§ **ACTION ITEM**
The answer should consist of all the entries, repeated word for word.

§ **THE DATA**
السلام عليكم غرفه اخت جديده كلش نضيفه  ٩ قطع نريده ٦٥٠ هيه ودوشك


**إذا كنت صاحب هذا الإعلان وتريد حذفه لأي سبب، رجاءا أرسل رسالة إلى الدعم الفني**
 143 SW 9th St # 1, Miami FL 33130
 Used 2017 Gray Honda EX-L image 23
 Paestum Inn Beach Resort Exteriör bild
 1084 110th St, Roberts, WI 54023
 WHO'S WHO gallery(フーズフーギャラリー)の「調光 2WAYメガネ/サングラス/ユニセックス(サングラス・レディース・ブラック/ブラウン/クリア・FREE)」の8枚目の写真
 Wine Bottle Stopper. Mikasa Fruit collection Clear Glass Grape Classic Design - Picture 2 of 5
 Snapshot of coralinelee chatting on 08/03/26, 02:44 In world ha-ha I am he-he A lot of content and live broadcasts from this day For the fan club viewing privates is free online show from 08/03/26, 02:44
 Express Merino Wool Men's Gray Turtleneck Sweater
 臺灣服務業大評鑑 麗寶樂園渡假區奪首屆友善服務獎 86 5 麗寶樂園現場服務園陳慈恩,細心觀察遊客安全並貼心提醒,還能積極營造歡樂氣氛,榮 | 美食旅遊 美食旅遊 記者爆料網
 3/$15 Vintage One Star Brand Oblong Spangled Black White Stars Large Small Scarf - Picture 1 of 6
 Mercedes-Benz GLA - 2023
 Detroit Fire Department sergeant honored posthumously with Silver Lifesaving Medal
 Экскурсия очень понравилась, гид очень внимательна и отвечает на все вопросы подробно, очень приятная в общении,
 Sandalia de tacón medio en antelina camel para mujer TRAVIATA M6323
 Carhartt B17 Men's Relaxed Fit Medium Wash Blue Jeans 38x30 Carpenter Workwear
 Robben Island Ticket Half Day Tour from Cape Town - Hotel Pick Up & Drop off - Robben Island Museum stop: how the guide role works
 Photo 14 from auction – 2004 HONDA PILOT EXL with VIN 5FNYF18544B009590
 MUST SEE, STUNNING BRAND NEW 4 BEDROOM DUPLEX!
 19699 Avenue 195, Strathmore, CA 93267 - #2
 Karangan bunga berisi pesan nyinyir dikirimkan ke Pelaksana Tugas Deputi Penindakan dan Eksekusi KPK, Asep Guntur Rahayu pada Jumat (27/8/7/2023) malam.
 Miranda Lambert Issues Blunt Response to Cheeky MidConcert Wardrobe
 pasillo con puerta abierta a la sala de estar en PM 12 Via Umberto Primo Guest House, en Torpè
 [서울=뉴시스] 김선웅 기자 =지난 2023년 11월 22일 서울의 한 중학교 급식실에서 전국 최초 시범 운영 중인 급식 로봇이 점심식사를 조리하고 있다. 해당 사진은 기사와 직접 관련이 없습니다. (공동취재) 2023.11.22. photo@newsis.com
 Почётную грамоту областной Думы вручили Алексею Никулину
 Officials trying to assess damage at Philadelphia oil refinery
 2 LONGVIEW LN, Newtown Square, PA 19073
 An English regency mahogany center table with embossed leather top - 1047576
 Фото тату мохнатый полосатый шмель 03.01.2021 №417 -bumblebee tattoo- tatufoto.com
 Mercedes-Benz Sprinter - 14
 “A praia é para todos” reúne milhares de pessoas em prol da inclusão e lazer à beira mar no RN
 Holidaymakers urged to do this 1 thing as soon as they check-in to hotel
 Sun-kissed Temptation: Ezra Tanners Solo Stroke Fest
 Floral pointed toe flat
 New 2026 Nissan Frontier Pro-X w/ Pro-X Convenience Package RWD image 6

§ **ANSWER TO THIS EXERCISE**
السلام عليكم غرفه اخت جديده كلش نضيفه  ٩ قطع نريده ٦٥٠ هيه ودوشك


**إذا كنت صاحب هذا الإعلان وتريد حذفه لأي سبب، رجاءا أرسل رسالة إلى الدعم الفني**
 143 SW 9th St # 1, Miami FL 33130
 Used 2017 Gray Honda EX-L image 23
 Paestum Inn Beach Resort Exteriör bild
 1084 110th St, Roberts, WI 54023
 WHO'S WHO gallery(フーズフーギャラリー)の「調光 2WAYメガネ/サングラス/ユニセックス(サングラス・レディース・ブラック/ブラウン/クリア・FREE)」の8枚目の写真
 Wine Bottle Stopper. Mikasa Fruit collection Clear Glass Grape Classic Design - Picture 2 of 5
 Snapshot of coralinelee chatting on 08/03/26, 02:44 In world ha-ha I am he-he A lot of content and live broadcasts from this day For the fan club viewing privates is free online show from 08/03/26, 02:44
 Express Merino Wool Men's Gray Turtleneck Sweater
 臺灣服務業大評鑑 麗寶樂園渡假區奪首屆友善服務獎 86 5 麗寶樂園現場服務園陳慈恩,細心觀察遊客安全並貼心提醒,還能積極營造歡樂氣氛,榮 | 美食旅遊 美食旅遊 記者爆料網
 3/$15 Vintage One Star Brand Oblong Spangled Black White Stars Large Small Scarf - Picture 1 of 6
 Mercedes-Benz GLA - 2023
 Detroit Fire Department sergeant honored posthumously with Silver Lifesaving Medal
 Экскурсия очень понравилась, гид очень внимательна и отвечает на все вопросы подробно, очень приятная в общении,
 Sandalia de tacón medio en antelina camel para mujer TRAVIATA M6323
 Carhartt B17 Men's Relaxed Fit Medium Wash Blue Jeans 38x30 Carpenter Workwear
 Robben Island Ticket Half Day Tour from Cape Town - Hotel Pick Up & Drop off - Robben Island Museum stop: how the guide role works
 Photo 14 from auction – 2004 HONDA PILOT EXL with VIN 5FNYF18544B009590
 MUST SEE, STUNNING BRAND NEW 4 BEDROOM DUPLEX!
 19699 Avenue 195, Strathmore, CA 93267 - #2
 Karangan bunga berisi pesan nyinyir dikirimkan ke Pelaksana Tugas Deputi Penindakan dan Eksekusi KPK, Asep Guntur Rahayu pada Jumat (27/8/7/2023) malam.
 Miranda Lambert Issues Blunt Response to Cheeky MidConcert Wardrobe
 pasillo con puerta abierta a la sala de estar en PM 12 Via Umberto Primo Guest House, en Torpè
 [서울=뉴시스] 김선웅 기자 =지난 2023년 11월 22일 서울의 한 중학교 급식실에서 전국 최초 시범 운영 중인 급식 로봇이 점심식사를 조리하고 있다. 해당 사진은 기사와 직접 관련이 없습니다. (공동취재) 2023.11.22. photo@newsis.com
 Почётную грамоту областной Думы вручили Алексею Никулину
 Officials trying to assess damage at Philadelphia oil refinery
 2 LONGVIEW LN, Newtown Square, PA 19073
 An English regency mahogany center table with embossed leather top - 1047576
 Фото тату мохнатый полосатый шмель 03.01.2021 №417 -bumblebee tattoo- tatufoto.com
 Mercedes-Benz Sprinter - 14
 “A praia é para todos” reúne milhares de pessoas em prol da inclusão e lazer à beira mar no RN
 Holidaymakers urged to do this 1 thing as soon as they check-in to hotel
 Sun-kissed Temptation: Ezra Tanners Solo Stroke Fest
 Floral pointed toe flat
 New 2026 Nissan Frontier Pro-X w/ Pro-X Convenience Package RWD image 6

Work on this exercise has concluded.